I'm kind of amazed that nobody really seems to use these for BLDC motor controllers. They seem perfect for it. Maybe I'll start a trend. Assuming I don't find out the hard way why they are never used for this application!
note: the full product title: "(5pcs)100% original New CSD95481RWJ 95481RWJ CSD59950RWJ 59950RWJ QFN Chipset"

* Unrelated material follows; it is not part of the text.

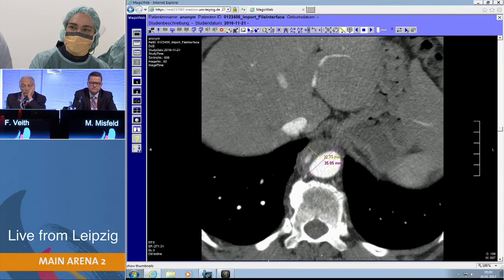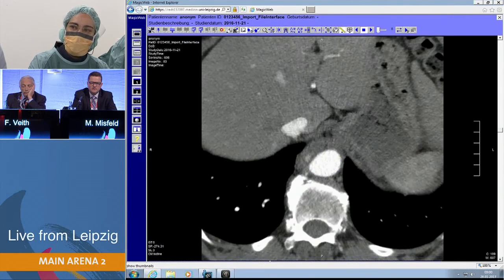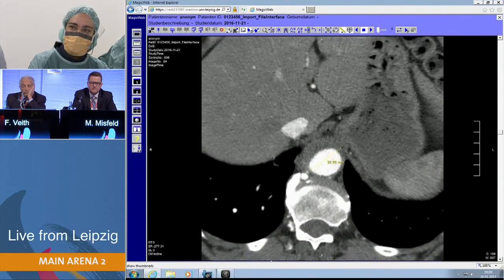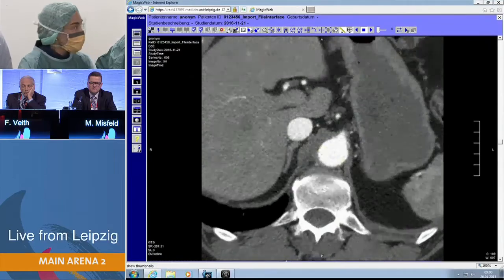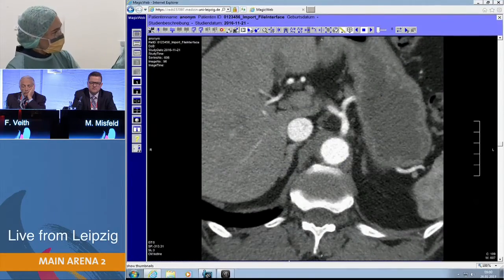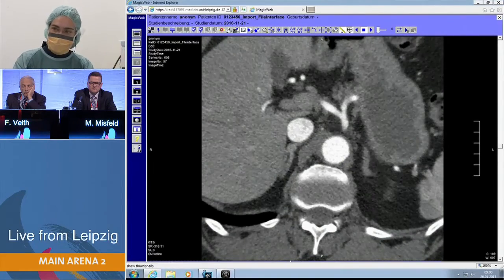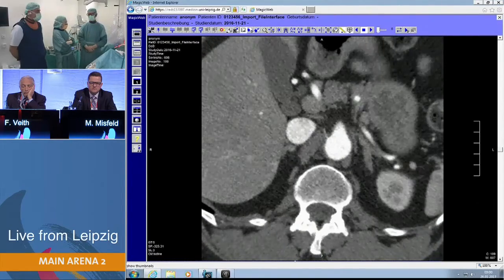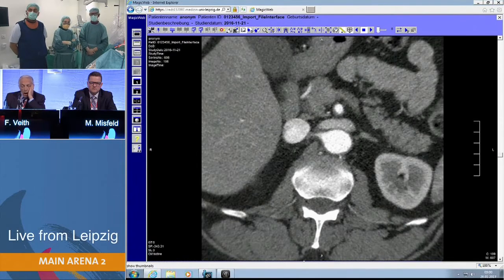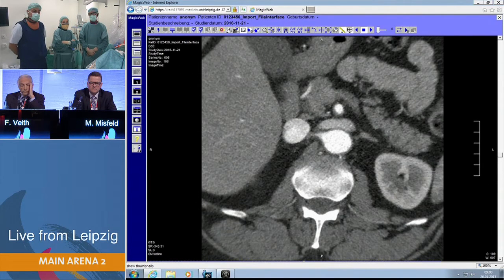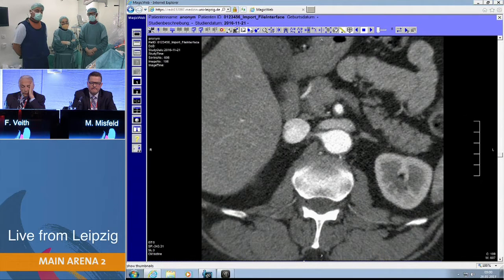This distal dissection pathology is very close to the celiac trunk. When we reviewed this CT, we decided together to completely stent the thoracic aorta, beginning from the left subclavian artery down to the celiac trunk.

note: for my previous BLDC motor controller design I was needing to use 6 digital IO pins to drive a single BLDC motor controller's 6 power mosfets by way of their control circuitry. But for a BLDC motor controller design using 3 CSD95481RWJ H-bridge chips, I will only need to use 3 digital IO pins on the microcontroller. These CSD95481RWJ H-bridge chips use a pwm pin that is a tri-state pin - you can have high, low, and floating as the signal you send to it from your microcontroller. Digital output high and low are the usual digital output modes but the floating mode you do in your code by configuring the pin to be a digital input pin which makes it a floating pin. These 3 states fed into the chip makes it either give you V+ as its output or V- as its output or just off/floating as its output. This corresponds perfectly to the normal h-bridge 3 states we'd be using with our discrete components previous microcontroller design. So this savings in total digital I/O pin usage on the microcontroller means you can drive more motors per microcontroller in theory which is pretty cool.